Could you restate every record below word for word?

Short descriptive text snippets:
BEGIN
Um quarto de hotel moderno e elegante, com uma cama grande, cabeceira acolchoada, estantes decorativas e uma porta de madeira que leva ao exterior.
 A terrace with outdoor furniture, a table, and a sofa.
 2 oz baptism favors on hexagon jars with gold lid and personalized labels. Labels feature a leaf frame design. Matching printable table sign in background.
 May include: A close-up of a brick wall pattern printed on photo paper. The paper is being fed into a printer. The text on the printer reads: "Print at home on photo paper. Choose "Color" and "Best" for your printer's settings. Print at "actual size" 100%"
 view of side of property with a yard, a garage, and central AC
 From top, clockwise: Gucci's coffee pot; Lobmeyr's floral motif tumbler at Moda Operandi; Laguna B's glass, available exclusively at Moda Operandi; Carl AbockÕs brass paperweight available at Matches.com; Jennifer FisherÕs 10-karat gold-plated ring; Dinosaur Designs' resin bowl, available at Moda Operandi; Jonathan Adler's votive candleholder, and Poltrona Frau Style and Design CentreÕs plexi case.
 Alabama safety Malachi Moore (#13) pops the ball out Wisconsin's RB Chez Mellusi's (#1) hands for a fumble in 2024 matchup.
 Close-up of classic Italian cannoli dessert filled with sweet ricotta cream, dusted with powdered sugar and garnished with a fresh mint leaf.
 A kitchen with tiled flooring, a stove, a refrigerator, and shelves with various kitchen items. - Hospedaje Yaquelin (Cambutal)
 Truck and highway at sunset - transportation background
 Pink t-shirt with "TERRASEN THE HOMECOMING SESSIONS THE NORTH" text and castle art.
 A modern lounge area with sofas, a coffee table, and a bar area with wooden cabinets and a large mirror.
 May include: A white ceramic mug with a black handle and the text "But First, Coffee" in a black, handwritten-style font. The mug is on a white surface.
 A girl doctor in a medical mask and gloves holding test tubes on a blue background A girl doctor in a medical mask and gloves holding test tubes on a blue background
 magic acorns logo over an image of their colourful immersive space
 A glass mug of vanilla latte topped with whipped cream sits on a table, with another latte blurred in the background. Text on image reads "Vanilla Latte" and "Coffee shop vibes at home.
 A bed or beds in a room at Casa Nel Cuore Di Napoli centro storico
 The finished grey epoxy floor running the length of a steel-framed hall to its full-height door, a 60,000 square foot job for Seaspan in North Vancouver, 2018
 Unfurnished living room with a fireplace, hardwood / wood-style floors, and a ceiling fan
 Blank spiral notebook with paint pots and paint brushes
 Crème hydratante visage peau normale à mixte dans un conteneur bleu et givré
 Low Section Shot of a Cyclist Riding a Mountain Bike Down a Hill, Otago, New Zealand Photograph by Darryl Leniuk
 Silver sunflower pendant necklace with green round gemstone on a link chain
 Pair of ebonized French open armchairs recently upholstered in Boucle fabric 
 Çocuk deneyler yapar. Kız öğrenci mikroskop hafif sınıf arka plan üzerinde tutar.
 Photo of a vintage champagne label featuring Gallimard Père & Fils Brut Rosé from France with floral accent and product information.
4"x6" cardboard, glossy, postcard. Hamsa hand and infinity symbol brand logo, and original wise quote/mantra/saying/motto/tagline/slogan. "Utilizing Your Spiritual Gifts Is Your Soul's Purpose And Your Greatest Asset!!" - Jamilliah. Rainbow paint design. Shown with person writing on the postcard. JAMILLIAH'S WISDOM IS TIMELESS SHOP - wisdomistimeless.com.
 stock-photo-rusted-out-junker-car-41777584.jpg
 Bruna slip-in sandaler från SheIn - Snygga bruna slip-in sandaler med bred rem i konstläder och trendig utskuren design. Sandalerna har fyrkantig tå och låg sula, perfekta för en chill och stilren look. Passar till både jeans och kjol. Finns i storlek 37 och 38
END
== COMPLETED EXERCISE ==
Um quarto de hotel moderno e elegante, com uma cama grande, cabeceira acolchoada, estantes decorativas e uma porta de madeira que leva ao exterior.
 A terrace with outdoor furniture, a table, and a sofa.
 2 oz baptism favors on hexagon jars with gold lid and personalized labels. Labels feature a leaf frame design. Matching printable table sign in background.
 May include: A close-up of a brick wall pattern printed on photo paper. The paper is being fed into a printer. The text on the printer reads: "Print at home on photo paper. Choose "Color" and "Best" for your printer's settings. Print at "actual size" 100%"
 view of side of property with a yard, a garage, and central AC
 From top, clockwise: Gucci's coffee pot; Lobmeyr's floral motif tumbler at Moda Operandi; Laguna B's glass, available exclusively at Moda Operandi; Carl AbockÕs brass paperweight available at Matches.com; Jennifer FisherÕs 10-karat gold-plated ring; Dinosaur Designs' resin bowl, available at Moda Operandi; Jonathan Adler's votive candleholder, and Poltrona Frau Style and Design CentreÕs plexi case.
 Alabama safety Malachi Moore (#13) pops the ball out Wisconsin's RB Chez Mellusi's (#1) hands for a fumble in 2024 matchup.
 Close-up of classic Italian cannoli dessert filled with sweet ricotta cream, dusted with powdered sugar and garnished with a fresh mint leaf.
 A kitchen with tiled flooring, a stove, a refrigerator, and shelves with various kitchen items. - Hospedaje Yaquelin (Cambutal)
 Truck and highway at sunset - transportation background
 Pink t-shirt with "TERRASEN THE HOMECOMING SESSIONS THE NORTH" text and castle art.
 A modern lounge area with sofas, a coffee table, and a bar area with wooden cabinets and a large mirror.
 May include: A white ceramic mug with a black handle and the text "But First, Coffee" in a black, handwritten-style font. The mug is on a white surface.
 A girl doctor in a medical mask and gloves holding test tubes on a blue background A girl doctor in a medical mask and gloves holding test tubes on a blue background
 magic acorns logo over an image of their colourful immersive space
 A glass mug of vanilla latte topped with whipped cream sits on a table, with another latte blurred in the background. Text on image reads "Vanilla Latte" and "Coffee shop vibes at home.
 A bed or beds in a room at Casa Nel Cuore Di Napoli centro storico
 The finished grey epoxy floor running the length of a steel-framed hall to its full-height door, a 60,000 square foot job for Seaspan in North Vancouver, 2018
 Unfurnished living room with a fireplace, hardwood / wood-style floors, and a ceiling fan
 Blank spiral notebook with paint pots and paint brushes
 Crème hydratante visage peau normale à mixte dans un conteneur bleu et givré
 Low Section Shot of a Cyclist Riding a Mountain Bike Down a Hill, Otago, New Zealand Photograph by Darryl Leniuk
 Silver sunflower pendant necklace with green round gemstone on a link chain
 Pair of ebonized French open armchairs recently upholstered in Boucle fabric 
 Çocuk deneyler yapar. Kız öğrenci mikroskop hafif sınıf arka plan üzerinde tutar.
 Photo of a vintage champagne label featuring Gallimard Père & Fils Brut Rosé from France with floral accent and product information.
4"x6" cardboard, glossy, postcard. Hamsa hand and infinity symbol brand logo, and original wise quote/mantra/saying/motto/tagline/slogan. "Utilizing Your Spiritual Gifts Is Your Soul's Purpose And Your Greatest Asset!!" - Jamilliah. Rainbow paint design. Shown with person writing on the postcard. JAMILLIAH'S WISDOM IS TIMELESS SHOP - wisdomistimeless.com.
 stock-photo-rusted-out-junker-car-41777584.jpg
 Bruna slip-in sandaler från SheIn - Snygga bruna slip-in sandaler med bred rem i konstläder och trendig utskuren design. Sandalerna har fyrkantig tå och låg sula, perfekta för en chill och stilren look. Passar till både jeans och kjol. Finns i storlek 37 och 38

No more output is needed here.